This is another graphic novel series for your classics shelf. First serialized in 1993, Strangers in Paradise is now available in six paperbacks perfect for traveling. Jump in and discover why this love-triangle thriller remains a fan favorite. (Photo: Abstract Studio)


The Motherless Oven by Rob Davis



A world that rains knives and has no birthdays sounds like an awful place to live, but it's a wonderfully surreal place to visit in this new graphic novel by Rob Davis. If your teenage years were bizarre, brooding and impenetrable, you'll feel right at home. (Photo: SelfMadeHero)


Pluto by Naoki Urasawa



Astro Boy holds a prominent place in the pantheon of important Japanese manga, which makes Naoki Urasawa's bold retelling of the story all the more impressive. Pluto's blending of a classic Japanese style with hard-edged, Philip K. Dick-inspired cyberpunk produces amazing results. (Photo: VIZ Media)

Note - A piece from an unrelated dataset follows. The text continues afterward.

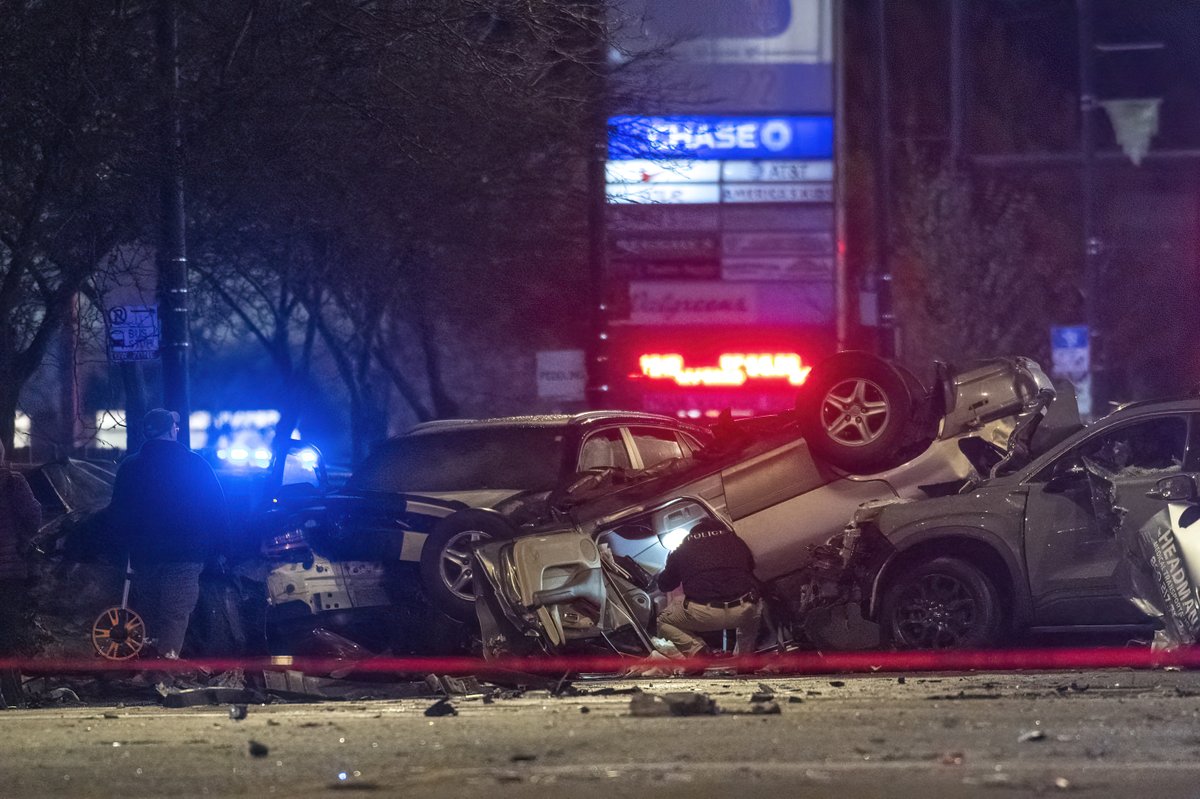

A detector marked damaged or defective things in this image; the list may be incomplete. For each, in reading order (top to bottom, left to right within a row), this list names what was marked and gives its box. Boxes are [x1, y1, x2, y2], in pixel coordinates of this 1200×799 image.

overturned vehicle [468, 352, 1056, 656]
damaged suv [474, 354, 1056, 660]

The Graphic Canon Vol. 3 (Edited by Russ Kick)



The Graphic Canon has lived up to its editor's huge ambitions of publishing an omnibus of classic world literature in comic form. It's a great way to introduce yourself to the important works of literature humans have created, combined with unique interpretations by dozens of the world's greatest illustrators. Volume 3 includes contemporary writers like Thomas Pynchon and David Foster Wallace, a highbrow/lowbrow combo the authors themselves would surely appreciate. (Photo: Seven Stories Press)


Jimmy Corrigan: The Smartest Kid On Earth by Chris Ware



In many ways Jimmy Corrigan put alternative comics and graphic novels on the critical map, with the New Yorker calling it "the first formal masterpiece of the medium." Jimmy Corrigan is a tragic, and at times hilariously awkward, story of father-son relations and the ways we negotiate identities in a complicated world. It's time to finally check it off your list! (Photo: Pantheon)


Over Easy by Mimi Pond



Anyone who's wound up hungover in a California diner will find this nostalgic send up of dropouts, punks, and artists entertaining. It's a smart memoir that feels like a more warm-hearted and witty version of Inherent Vice. (Photo: Drawn and Quarterly)


Safe Area Goražde by Joe Sacco



Joe Sacco is a war reporter on a mission: to humanize complex foreign conflicts and bring them to life in comic form. With the rigor of a journalist and the empathy of an artist, Joe makes the Bosnian War feel as if it happened to your friends. The book is an unmissable achievement. (Photo: Fantagraphics)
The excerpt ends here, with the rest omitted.